In 1998 a first unexpected result was proved: every Ω-like real number is an Ω7. The existence of a computably enumerable random real number that is not an Ω became less plausible, but was not ruled out. The last step has been brilliantly accomplished by another Berkeley mathematician, Theodore Slaman2, who has proved that every computably enumerable random real number is Ω-like, and hence an Ω.

This recent work reinforces the message of algorithmic information theory that randomness is as fundamental and as pervasive in pure mathematics as it is in theoretical physics. In our opinion it also gives further support to `experimental mathematics', and to the `quasi-empirical' view of mathematics which says that although mathematics and physics are different, it is more a matter of degree than black and white4,5,8. Physicists are used to working with assumptions that explain a lot of data, but that can be contradicted by subsequent experiments. But mathematicians don't like having to backpedal. Even after Gödel and Turing showed that Hilbert's dream didn't work, in practice most mathematicians carried on as before, in Hilbert's spirit. But now, finally, the computer is changing the way we do things. It is easy to run a mathematical experiment on a computer, but you can't always find a proof to explain the results. So in order to cope, mathematicians are sometimes forced to proceed in a more pragmatic manner, like physicists. The Ω results provide a theoretical underpinning for this revolution.

C.S. Calude is in the Department of Computer Science, Auckland University, Private Bag 92019, Auckland, New Zealand. e-mail: cristian@cs.auckland.ac.nz

G.J. Chaitin is at the IBM T.J. Watson Research Center, PO Box 704, Yorktown Heights, New York 10598, USA. e-mail: chaitin@watson.ibm.com


  1. Chaitin, G.J. J. Assoc. Comput. Mach. 22, 329-340 (1975).

  2. Slaman, T.A. http://math.berkeley.edu/~slaman/papers/random.pdf

  3. Solovay, R.M. Centre for Discrete Mathematics and Theoretical Computer Science Research Report 104 (Auckland Univ., New Zealand, 1999); http://www.cs.auckland.ac.nz/staff-cgi-bin/mjd/secondcgi.pl

  4. Chaitin, G.J. The Limits of Mathematics (Springer, Singapore, 1998).

  5. Chaitin, G.J. The Unknowable (Springer, Singapore, 1999).

  6. Stewart, I. Nature 232, 115-116 (1988).

  7. Calude, C.S. et al. in Proc. 15th Ann. Symp. Theor. Aspects Comp. Sci. Vol. 1373, 596-606 (Springer, Berlin, 1998).
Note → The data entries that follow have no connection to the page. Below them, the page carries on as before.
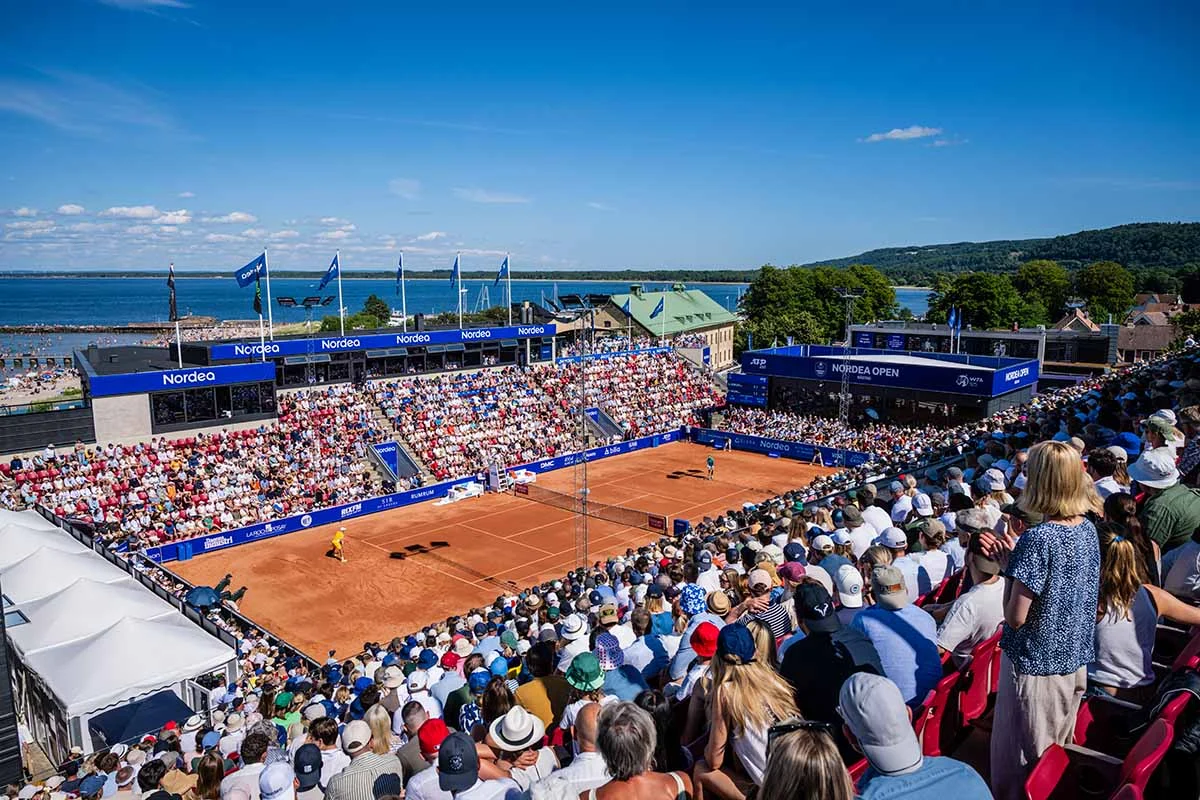 Nordea Open - Tournament of the year 2025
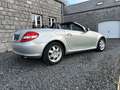 Mercedes-Benz SLK 200 SLK 200 Kompressor Grijs - thumbnail 3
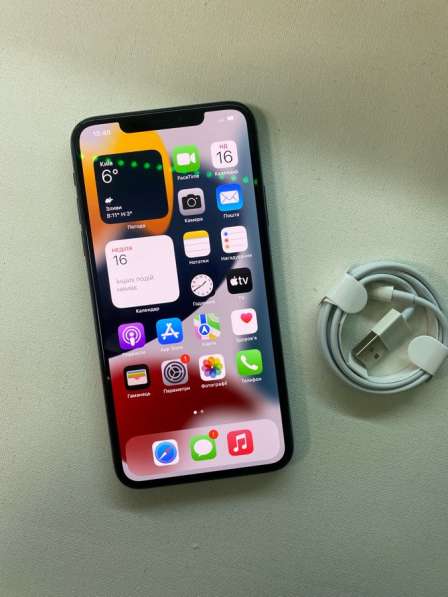 Продам iPhone 11ProMax 64GB Neverlok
  8. Tymoczko, T. New Directions in the Philosophy of Mathematics (Princeton Univ. Press, 1998).


Ω numbers
Ω-like numbers
Computably enumerable random real numbers

Figure 1 Complexity theorists used to believe that these three classes of real numbers were different. Work by Berkeley mathematician Theodore Slaman2 shows that these three classes of real numbers in fact collapse into a single class. This work helps to clarify the nature of randomness in pure mathematics—it is as fundamental as it is in theoretical physics.